Uncle Inácio never lost or forgot the key to his own room; he always carried it in his jacket or trouser pocket, or else around his neck on a length of string. He would hide it away if he was particularly tense or if his heart spoke to him of some danger. One day, she had surprised him diligently scooping the soil from a plant pot with his bare hands in order to bury the key. He had started, alarmed, when he heard someone approaching, then, when he saw it was her, had merely winked at her and placed one finger on his lips, cautioning silence. His mouth was smeared with earth, and his straw hat, which had slipped off his head and down his back, hung suspended by a thread-thin piece of elastic.
‘Beethoven is at the very top of the ladder,’ Uncle Octávio used to say, laughing loudly and putting the record back on the shelf. ‘Mozart’s stuck at the bottom, so far down you can’t even see him.
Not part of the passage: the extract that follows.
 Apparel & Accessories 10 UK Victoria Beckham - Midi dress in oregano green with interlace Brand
He hasn’t even reached the first rung, poor fellow,’ he would add, laughing again and punching the air with his fists as if he were beating someone up.
She did not respond and swallowed both her answer and her anger. She would look defiantly up at him, but not say a word. At night, though, she prayed for Mozart, for justice to be done and for the world finally to recognise him, Mozart, who – so people said – had not even reached the first rung, and was despised, pointed at and mocked by everyone. Because at the time, she assumed that Uncle Octávio, who seemed to know so much about music, was expressing a universal opinion.
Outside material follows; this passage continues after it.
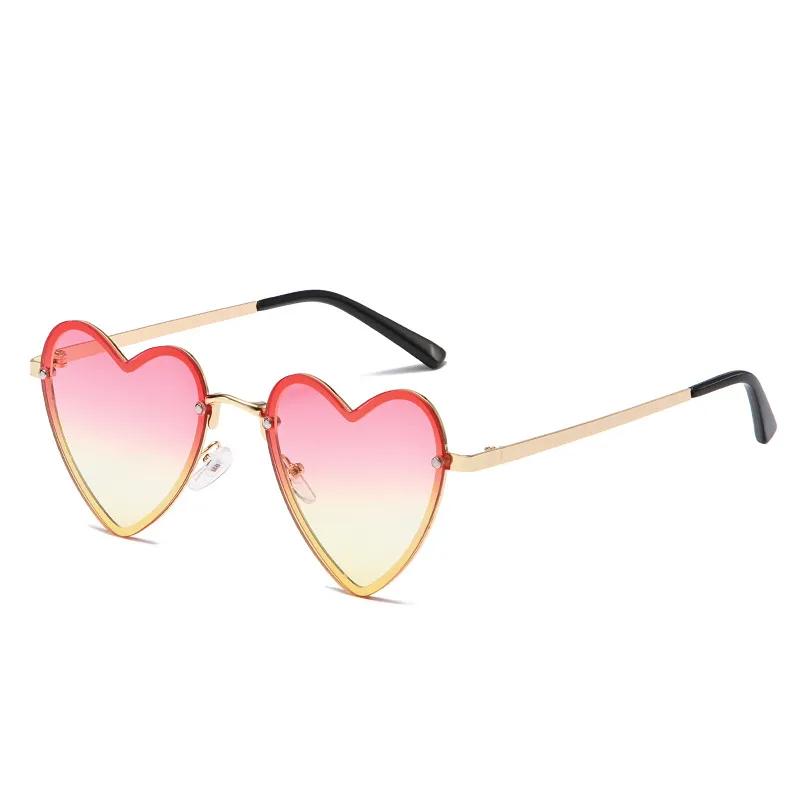 Women's Fashion Peach Heart Decorative Sunglasses - Yellow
It was true that there were injustices in the world, and perhaps you couldn’t expect all, or indeed any, to be put right. You probably just had to grit your teeth and live each day as it came, as if injustice were not unjust. Maybe there was no alternative.
‘I promised my father I would never have him put away,’ sobbed Aunt Isaura, falling heavily onto the sofa as if on the point of collapse.
Uncle Octávio wasn’t listening, nor did he wish to hear any more about the matter. It had all been said before, but they always came back to square one.
‘It’s either him or me,’ he would thunder, purple with rage, striding up and down the room, appearing suddenly to grow in size and fill the whole space, like a bloated frog.
‘I promised my father on his deathbed,’ Aunt Isaura would declare, burying herself more deeply in the cushions, weeping and covering her face with her hands.
On other occasions, it was Aunt Isaura who looked like a bloated frog. She would jump up from the sofa and advance angrily across the room: ‘I cannot break that promise,’ she would cry. ‘Either he stays or I go,’ she would say, echoing, on a higher note, Uncle Octávio’s furious words.
It was unjust that they should spend their lives quarrelling, it was unjust that Uncle Inácio had gone mad, that the world maligned Mozart, but that was how things were.